(Beginning of EXERCISE MATERIALS)

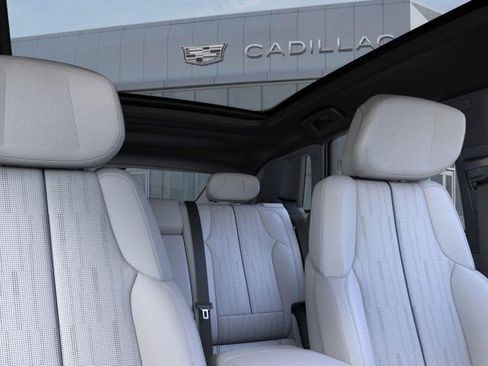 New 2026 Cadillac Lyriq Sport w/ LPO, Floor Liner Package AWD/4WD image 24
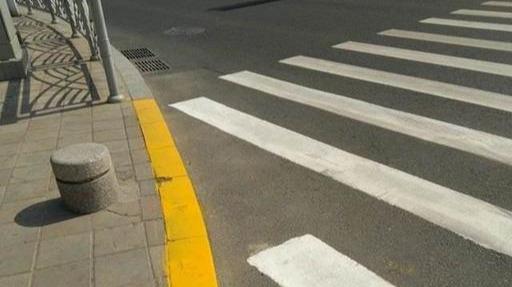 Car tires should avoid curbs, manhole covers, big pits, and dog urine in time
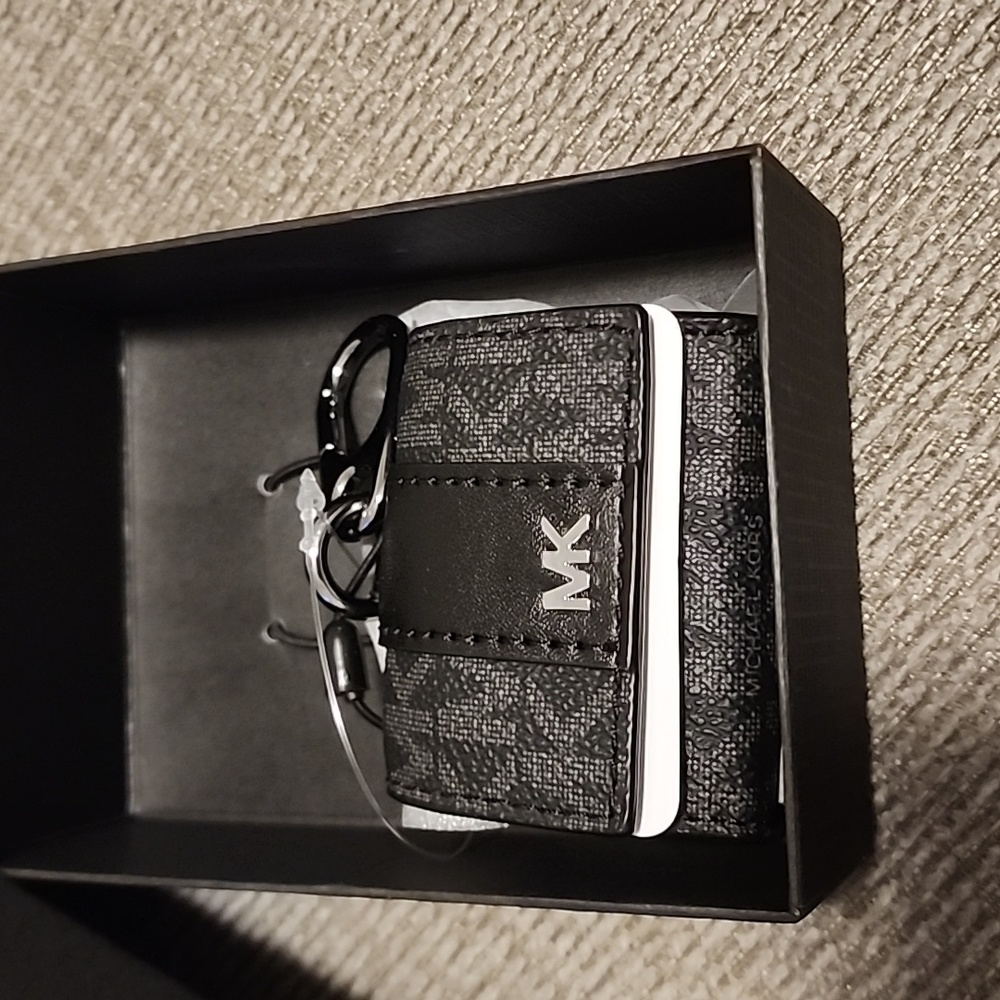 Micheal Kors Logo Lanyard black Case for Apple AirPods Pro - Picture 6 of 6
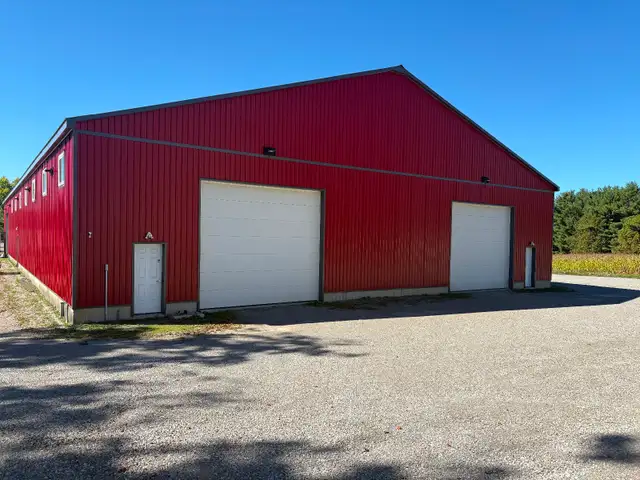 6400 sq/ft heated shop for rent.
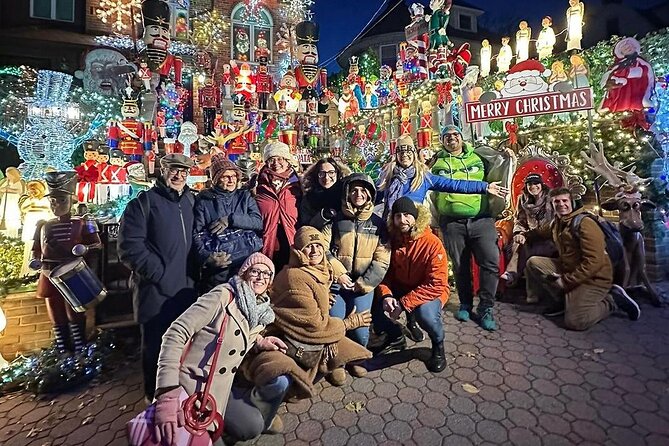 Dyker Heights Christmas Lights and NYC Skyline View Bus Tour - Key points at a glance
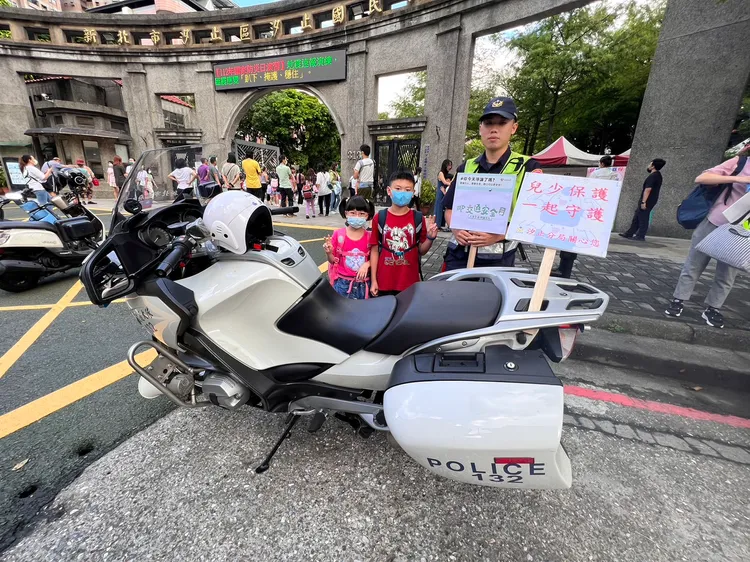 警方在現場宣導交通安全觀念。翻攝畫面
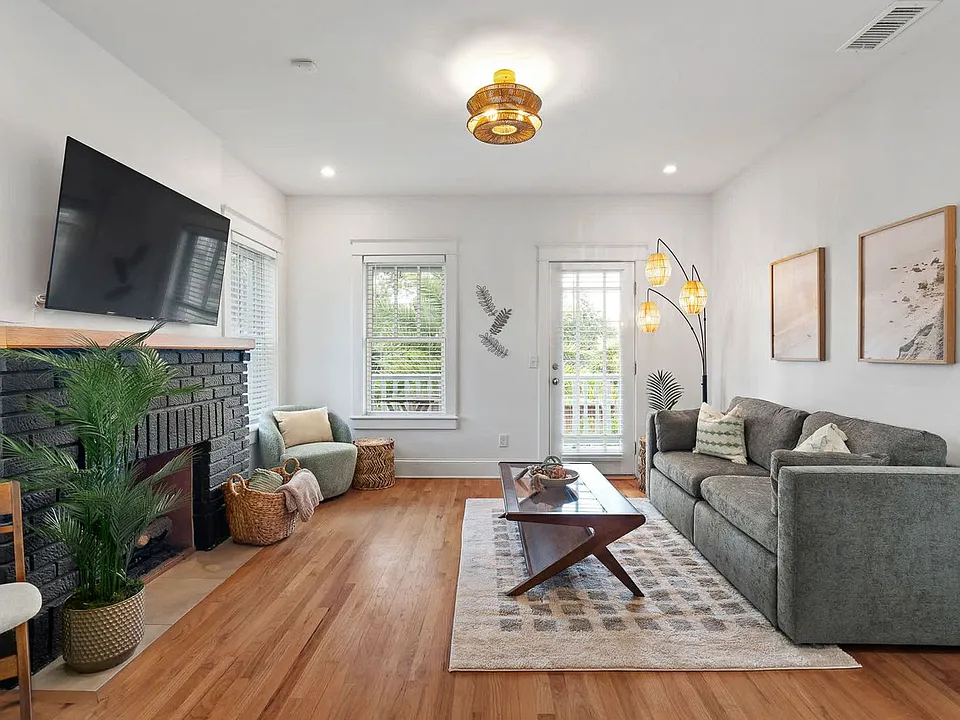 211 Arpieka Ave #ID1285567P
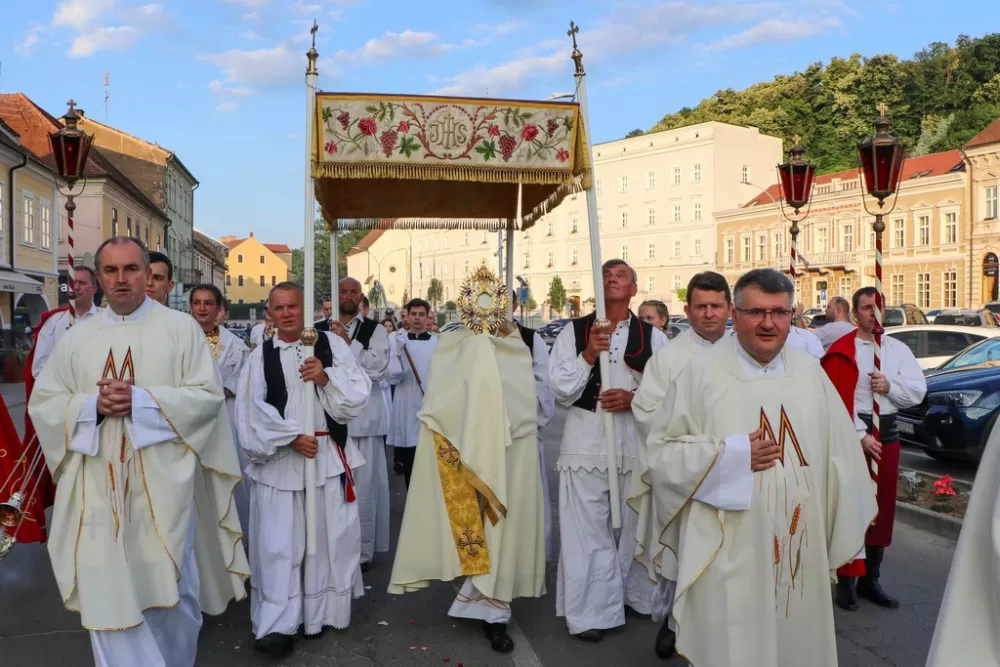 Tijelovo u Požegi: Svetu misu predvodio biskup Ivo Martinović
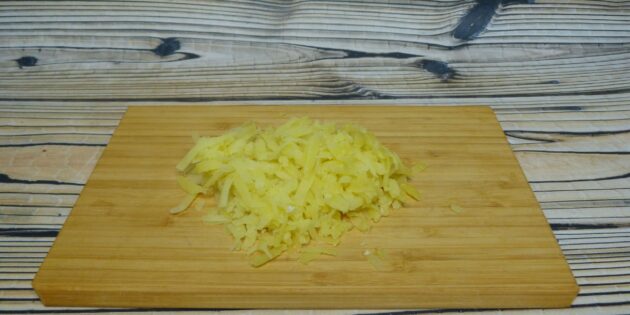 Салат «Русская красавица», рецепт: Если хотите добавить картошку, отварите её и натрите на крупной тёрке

(End of EXERCISE MATERIALS)
(Beginning of EXERCISE MATERIALS)

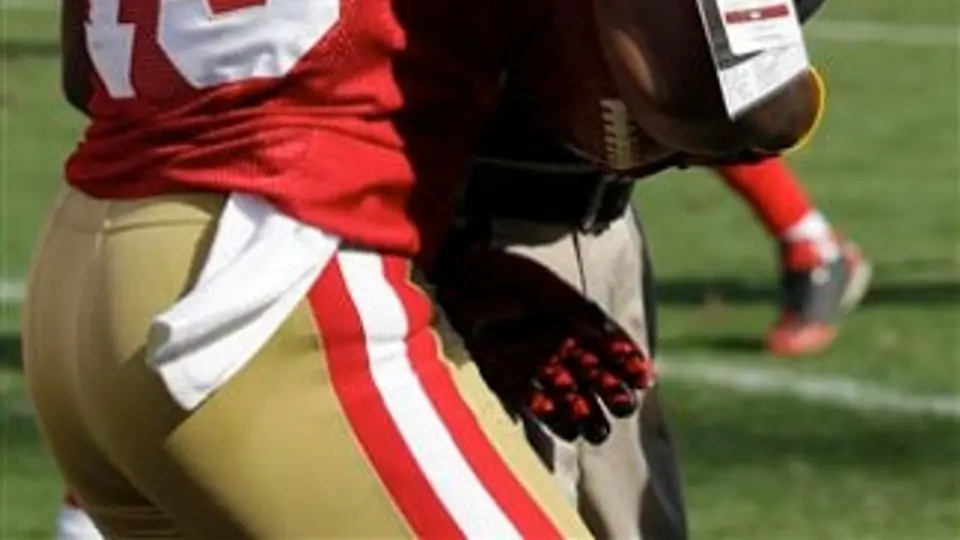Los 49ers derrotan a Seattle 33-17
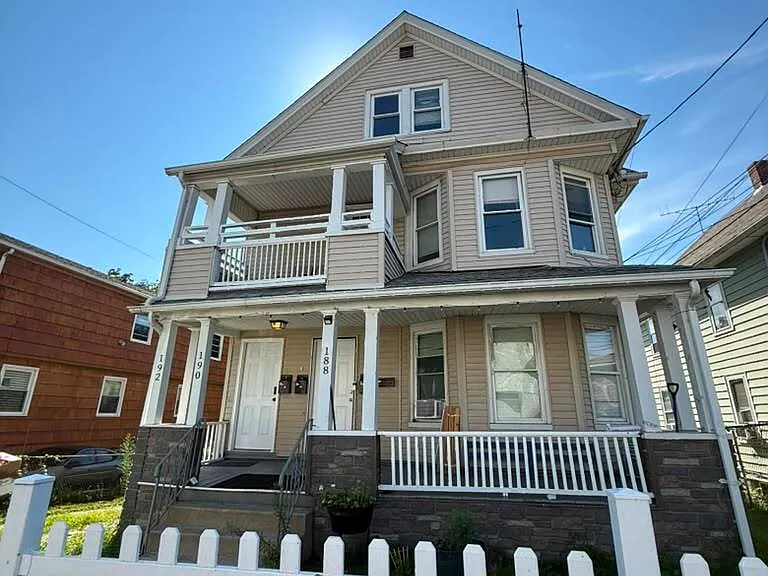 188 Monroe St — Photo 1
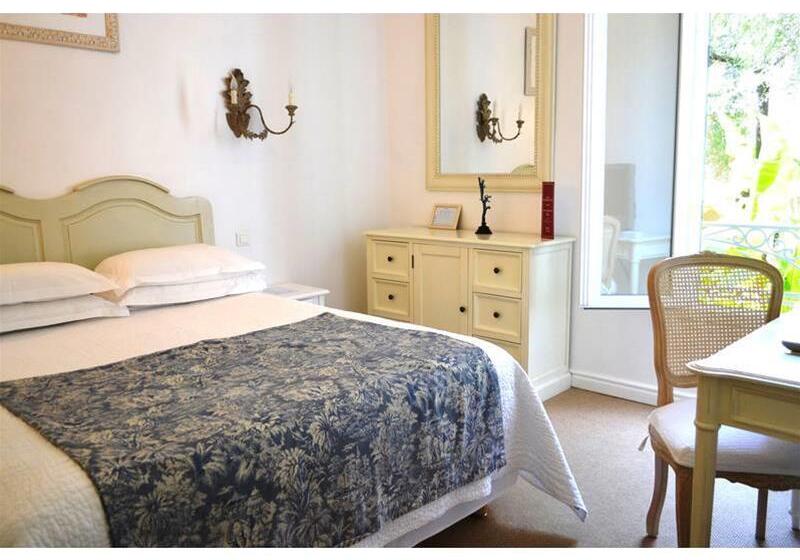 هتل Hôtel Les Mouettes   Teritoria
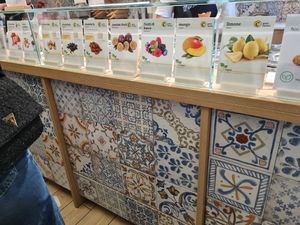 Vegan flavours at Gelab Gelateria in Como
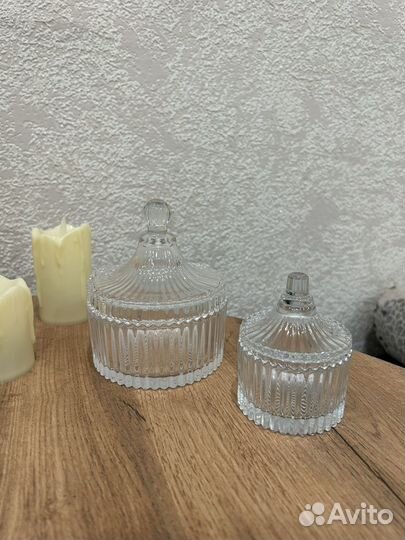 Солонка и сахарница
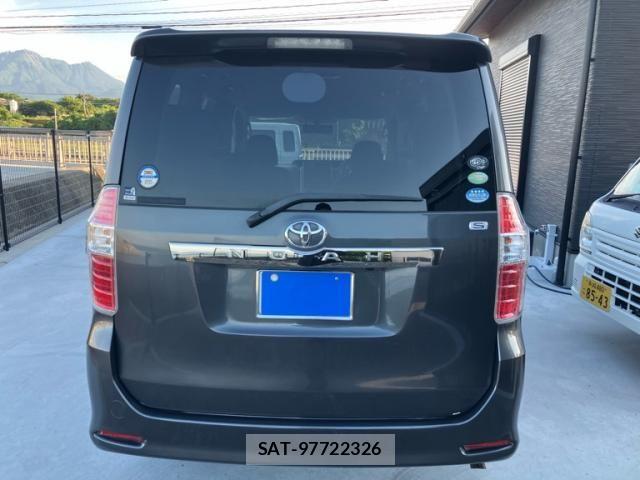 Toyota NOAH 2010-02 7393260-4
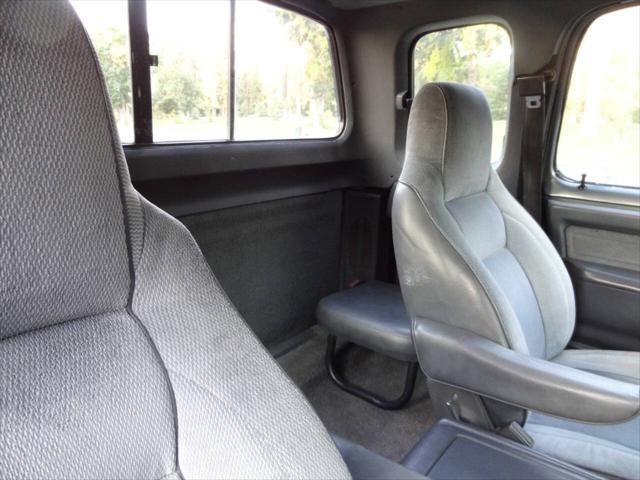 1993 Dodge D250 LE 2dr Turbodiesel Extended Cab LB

(End of EXERCISE MATERIALS)

** ABOUT THIS EXERCISE **
Would you transcribe the lines above exactly, going from the line bearing "Micheal Kors Logo" through the line bearing "на крупной тёрке", and drop the pictures from the copy?

** RESULT OF THE TASK **
 Micheal Kors Logo Lanyard black Case for Apple AirPods Pro - Picture 6 of 6
 6400 sq/ft heated shop for rent.
 Dyker Heights Christmas Lights and NYC Skyline View Bus Tour - Key points at a glance
 警方在現場宣導交通安全觀念。翻攝畫面
 211 Arpieka Ave #ID1285567P
 Tijelovo u Požegi: Svetu misu predvodio biskup Ivo Martinović
 Салат «Русская красавица», рецепт: Если хотите добавить картошку, отварите её и натрите на крупной тёрке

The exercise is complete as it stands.